Bruce Momjian <maillist@candle.pha.pa.us> writes:
>> I think it'd still be a good idea to have a system table containing the
>> mapping from SERIAL columns to (OIDs of) their associated sequences.
>> The atttypmod idea is just a trick to bypass having to do lookups in
>> this table for the most common operations on a SERIAL column.
> But what use would a new system table be, if the atttypmod can do it for
> us?
To handle the less common cases --- in particular, the reverse lookup:
given a sequence, is it the implementation of a SERIAL column somewhere?
(DROP SEQUENCE ought to refuse to drop it if so, I think.)
Also, assuming that we want inherited tables to share the parent's
sequence, I suspect there are cases where you need to be able to
find all the tables sharing a given sequence. This would be rather
difficult if the only representation was atttypmod fields. (You
could probably work out something reasonably efficient based on
the assumption that all the tables involved must be related by
inheritance --- but it wouldn't be as easy as a single SELECT,
and it *could not* be done in pure SQL because atttypmod isn't
an SQL concept.)
Basically I think that all this structural information ought to be
explicitly represented in regular SQL data structures where you can
manipulate it (SELECT on it and so forth).

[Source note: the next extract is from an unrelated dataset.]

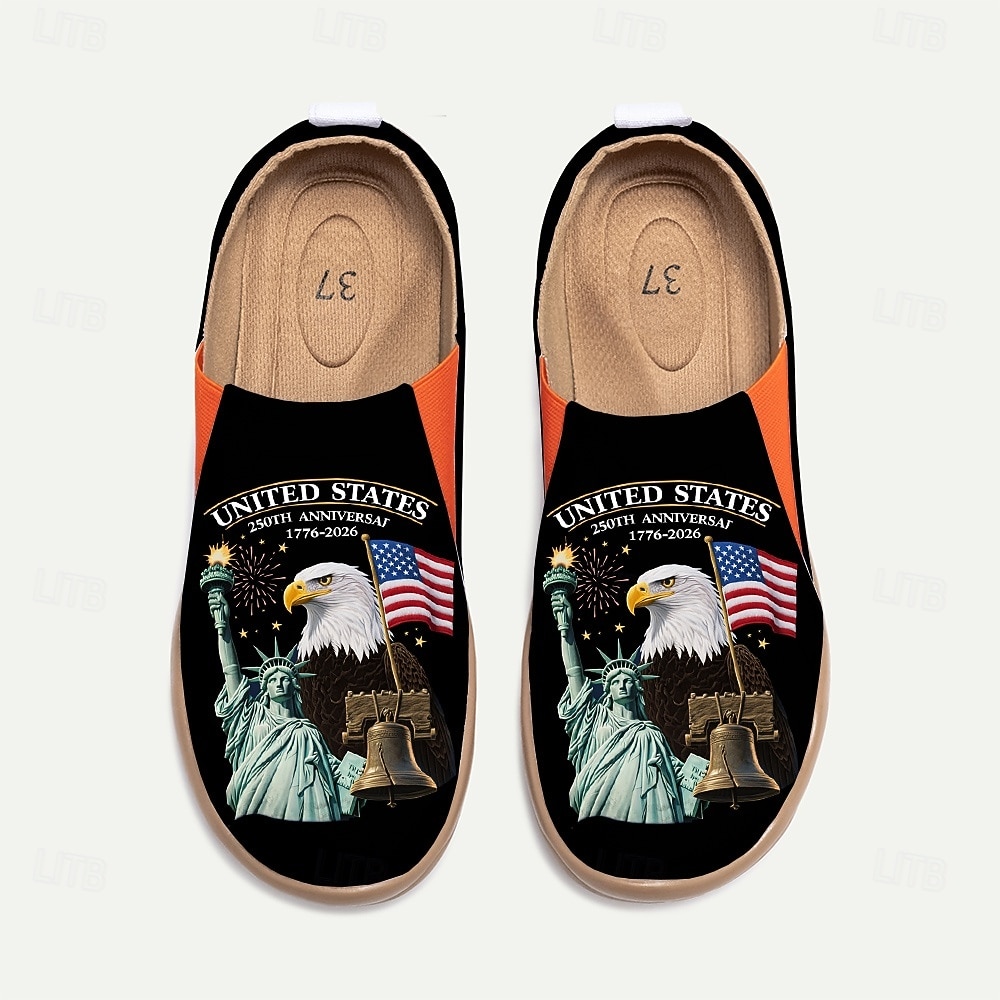 Verenigde Staten 250e Jubileum Dames USA Gedrukte Brede Slip-On Schoenen – Lichtgewicht Wandelschoenen Patriottische Stedelijke Casual Stijl voor Straatmode Festivals Reizen  Dagelijks Gebruik 2026 - $59.99 –P1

We can use atttypmod as an
internal-to-the-implementation cache to avoid the most common lookup
that we'd otherwise need, but it'd be a design mistake not to have the
information represented in a more conventional form.
It might help to compare this issue to index and inheritance
relationships. We have explicit representations in the system tables
of the inherits-from and is-an-index-of relationships; if we did not,
many tasks would become much harder. The backend plays some tricks
internally to avoid constantly having to do fullblown lookups in those
tables, but the tables need to be there anyway. I say we need to add
an explicit representation of the is-sequence-for-SERIAL relationship
for the same reasons, even if we can install an internal shortcut
that's used by some backend operations.